Exercise brief: Repeat the data exactly. Pictures are not part of the copy.

------ Information ------

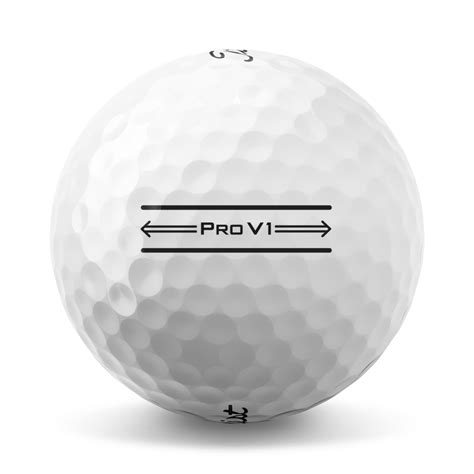 Titleist Pro V1 Enhanced Alignment | Titleist Pro V1 Balls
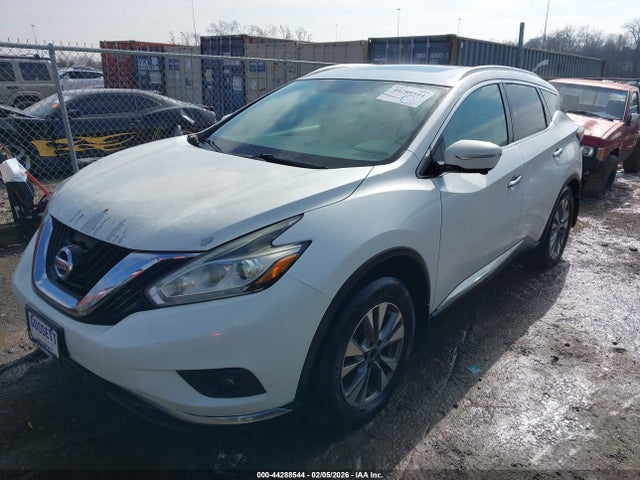 5N1AZ2MG5FN226054 Nissan MURANO SL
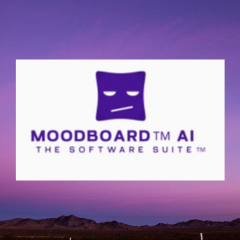 MoodBoard™ AI logo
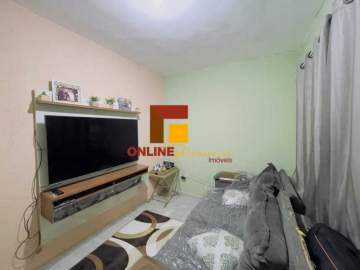 Imperdível - Apartamento à venda Rua Jão, Del Castilho, Rio de Janeiro - R$ 85.000 - NLAP10009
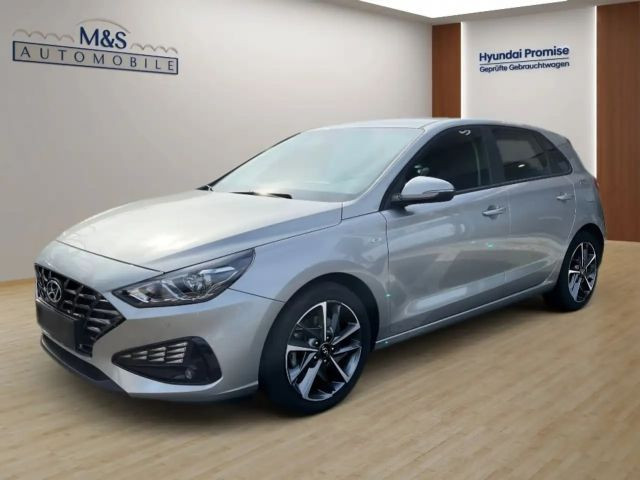 Hyundai i30 T-GDi Trend Hybrid 1.0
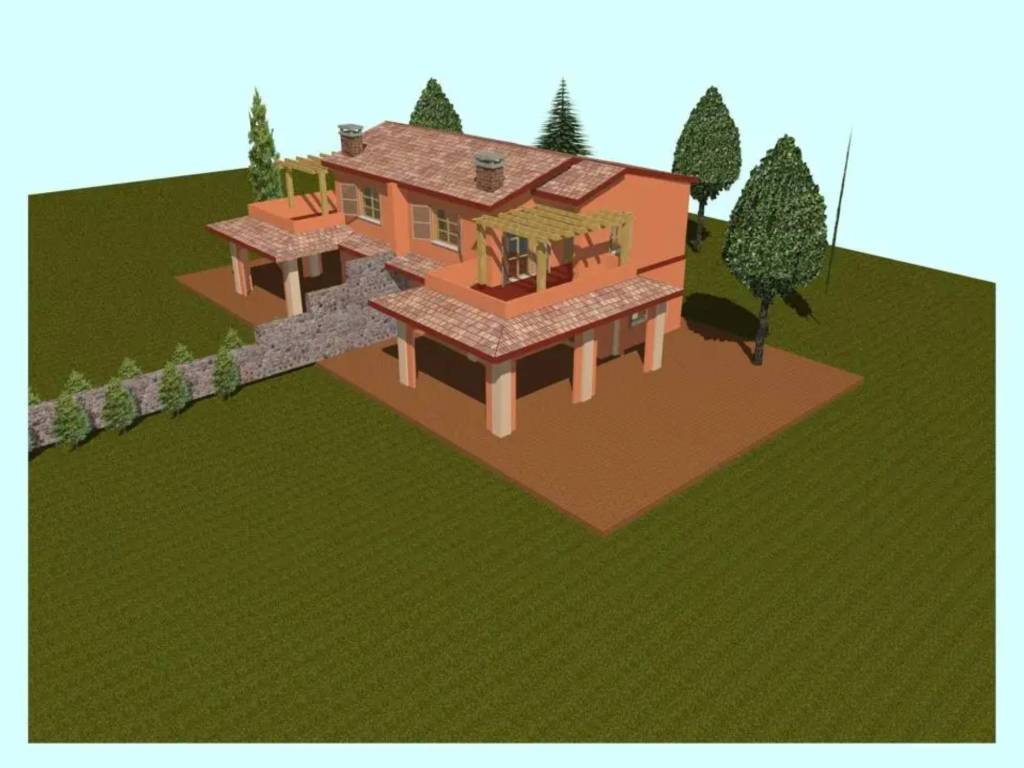 casa indipendente in vendita a Zambrone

------

Your response:
 Titleist Pro V1 Enhanced Alignment | Titleist Pro V1 Balls
 5N1AZ2MG5FN226054 Nissan MURANO SL
 MoodBoard™ AI logo
 Imperdível - Apartamento à venda Rua Jão, Del Castilho, Rio de Janeiro - R$ 85.000 - NLAP10009
 Hyundai i30 T-GDi Trend Hybrid 1.0
 casa indipendente in vendita a Zambrone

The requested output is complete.